Give back, unchanged, the line containing "Halloween In USA" and every line after it up to the end of the listing.

INFORMATION SHOWN.
————
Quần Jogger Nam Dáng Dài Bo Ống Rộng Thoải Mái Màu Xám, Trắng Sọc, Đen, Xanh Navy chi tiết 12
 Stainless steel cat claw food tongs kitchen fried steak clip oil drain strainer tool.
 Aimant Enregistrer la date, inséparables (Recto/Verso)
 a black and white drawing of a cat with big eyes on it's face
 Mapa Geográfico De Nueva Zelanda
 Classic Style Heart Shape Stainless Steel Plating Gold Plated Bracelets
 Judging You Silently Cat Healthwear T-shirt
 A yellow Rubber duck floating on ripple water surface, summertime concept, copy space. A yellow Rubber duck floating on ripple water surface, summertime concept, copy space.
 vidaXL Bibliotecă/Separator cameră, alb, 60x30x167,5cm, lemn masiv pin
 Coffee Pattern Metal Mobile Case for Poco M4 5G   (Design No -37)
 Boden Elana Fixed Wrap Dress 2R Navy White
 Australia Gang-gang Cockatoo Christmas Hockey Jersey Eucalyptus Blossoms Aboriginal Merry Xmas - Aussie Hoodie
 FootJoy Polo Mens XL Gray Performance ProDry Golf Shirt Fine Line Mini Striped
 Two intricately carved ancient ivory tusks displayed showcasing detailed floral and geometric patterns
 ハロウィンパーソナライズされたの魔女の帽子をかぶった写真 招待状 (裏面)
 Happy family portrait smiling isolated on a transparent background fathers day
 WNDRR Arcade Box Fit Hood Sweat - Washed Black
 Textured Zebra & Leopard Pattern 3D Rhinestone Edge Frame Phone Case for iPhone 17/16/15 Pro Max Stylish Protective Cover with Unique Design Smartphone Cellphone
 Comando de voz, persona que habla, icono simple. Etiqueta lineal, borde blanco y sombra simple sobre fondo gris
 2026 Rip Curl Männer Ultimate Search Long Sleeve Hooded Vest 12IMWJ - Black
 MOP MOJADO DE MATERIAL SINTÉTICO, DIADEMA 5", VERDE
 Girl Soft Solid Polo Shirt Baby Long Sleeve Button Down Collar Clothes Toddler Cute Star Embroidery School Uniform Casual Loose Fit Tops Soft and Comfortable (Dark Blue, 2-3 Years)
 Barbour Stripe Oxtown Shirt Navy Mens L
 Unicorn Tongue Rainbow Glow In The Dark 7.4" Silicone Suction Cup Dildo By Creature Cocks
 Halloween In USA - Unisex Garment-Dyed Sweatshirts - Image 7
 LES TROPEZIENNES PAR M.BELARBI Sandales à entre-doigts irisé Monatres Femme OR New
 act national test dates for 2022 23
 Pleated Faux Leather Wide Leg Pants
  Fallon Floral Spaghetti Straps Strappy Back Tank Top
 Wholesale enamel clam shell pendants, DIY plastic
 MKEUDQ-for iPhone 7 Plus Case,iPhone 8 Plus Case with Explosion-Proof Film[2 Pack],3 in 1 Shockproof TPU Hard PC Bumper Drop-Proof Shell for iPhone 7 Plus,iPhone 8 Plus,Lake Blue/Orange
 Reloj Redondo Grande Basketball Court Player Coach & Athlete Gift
————
TASK OUTPUT.
 Halloween In USA - Unisex Garment-Dyed Sweatshirts - Image 7
 LES TROPEZIENNES PAR M.BELARBI Sandales à entre-doigts irisé Monatres Femme OR New
 act national test dates for 2022 23
 Pleated Faux Leather Wide Leg Pants
  Fallon Floral Spaghetti Straps Strappy Back Tank Top
 Wholesale enamel clam shell pendants, DIY plastic
 MKEUDQ-for iPhone 7 Plus Case,iPhone 8 Plus Case with Explosion-Proof Film[2 Pack],3 in 1 Shockproof TPU Hard PC Bumper Drop-Proof Shell for iPhone 7 Plus,iPhone 8 Plus,Lake Blue/Orange
 Reloj Redondo Grande Basketball Court Player Coach & Athlete Gift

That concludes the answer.